Auf dem Wochenmarkt in Ulm bittet Verbraucherfallen-Reporterin Janika zur Orangensaft-Verkostung.

"Vorsicht, Verbraucherfalle!" entlarvt die Tricks von Unternehmen und Händlern. Die Reihe im Ersten zeigt, wie Verbraucher getäuscht werden – ganz legal, weil der Gesetzgeber es zulässt.

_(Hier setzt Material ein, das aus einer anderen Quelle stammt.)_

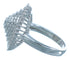 Sterling Silver Cubic Zirconia Ring Size 7-1/4 AS55004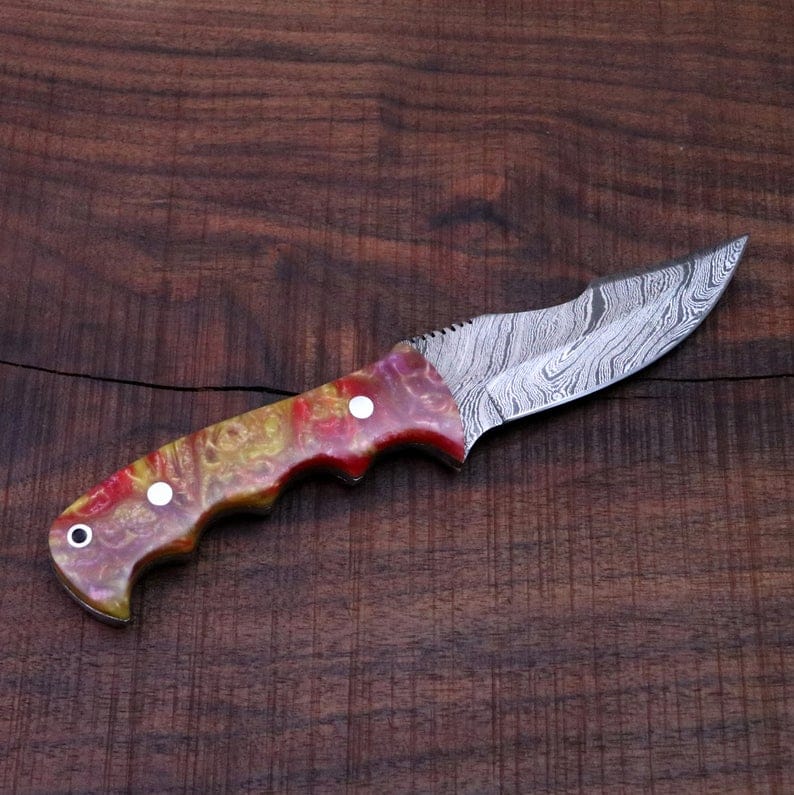 KBS Knives Store Hunting Knives CUSTOM HANDMADE DAMASCUS HUNTING KNIFE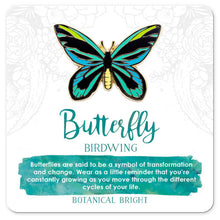 Load image into Gallery viewer, Birdwing Butterfly Enamel Pin

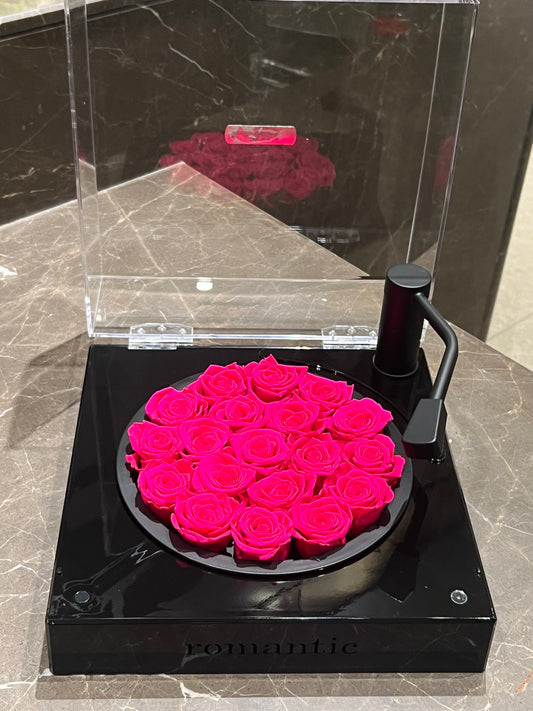 Bluetooth Speaker and Preserved Rose Heart - Unique Valentine's Day Gift for Her, Wedding Anniversary Gift for Lover or Girlfriend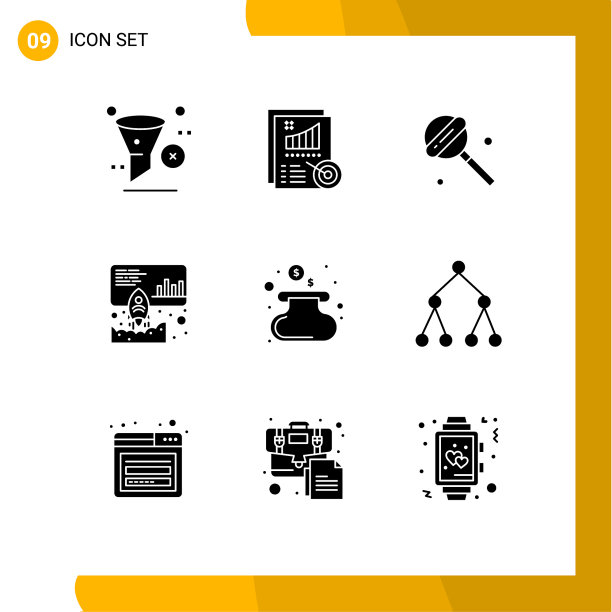 9个适用于网络和移动的通用实体符号图片下载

Die Themen dieser Sendung:

Falsche Frische-Versprechen – wie Lebensmittelhersteller Qualität vorgaukeln

Salami frisch geschnitten, frisch geriebener Käse oder kühlfrischer Orangensaft – auf immer mehr Produkten im Supermarkt wird mit "frisch" geworben. Das kommt bei Verbrauchern an und sie zahlen gerne etwas mehr dafür.

Experiment mit selbstgemachtem Orangensaft

Doch sind die Produkte tatsächlich ihr Geld wert und frischer als andere Produkte? Die Reporter von "Vorsicht, Verbraucherfalle!" zeigen, wie getrickst wird. Sie stellen einen angeblich frischen Orangensaft her und beweisen, dass sich Geschmackssinne täuschen lassen.

Teure Schrott-Immobilien – wie Wohnungskäufer übers Ohr gehauen werden

In Zeiten von Niedrig-Zinsen und Nachfrage-Boom wird bei Immobilien immer unverschämter getrickst. Wohnungen und Häuser können sich nach dem Kauf als völlig marode und überteuert entpuppen. Die vorhandenen Mängel wurden vor dem Verkauf mit einfachen Mitteln lediglich kaschiert.

Aus alt wird teuer

In einem Selbstversuch bauen SWR-Reporter eine Schrottimmobilie mit wenig Aufwand in eine vermeintlich schicke Altbauwohnung um. Zu einem völlig überzogenen Preis bieten sie diese zum Kauf an. Werden sich die Interessenten hinters Licht führen lassen?

Getarnte Verkäufer – Wenn Verkaufsberater vom Hersteller beraten

Sie wirken wie normales Verkaufspersonal. Vor allem in der Vorweihnachtszeit sind sie im Einsatz – in Kaufhäusern, Elektromärkten und im Einzelhandel. Berater, die nicht vom Händler, sondern vom Hersteller bezahlt werden. Sie beraten zu sogenannter weißer Ware wie Waschmaschinen oder Kühlschränken, aber auch zu Kaffeeautomaten oder  Strumpfhosen.

Unser Reporter macht den Selbsttest und heuert anonym als Verkaufsberater für einen Hersteller an. Sein Auftrag: "verkaufsorientierte" Beratung.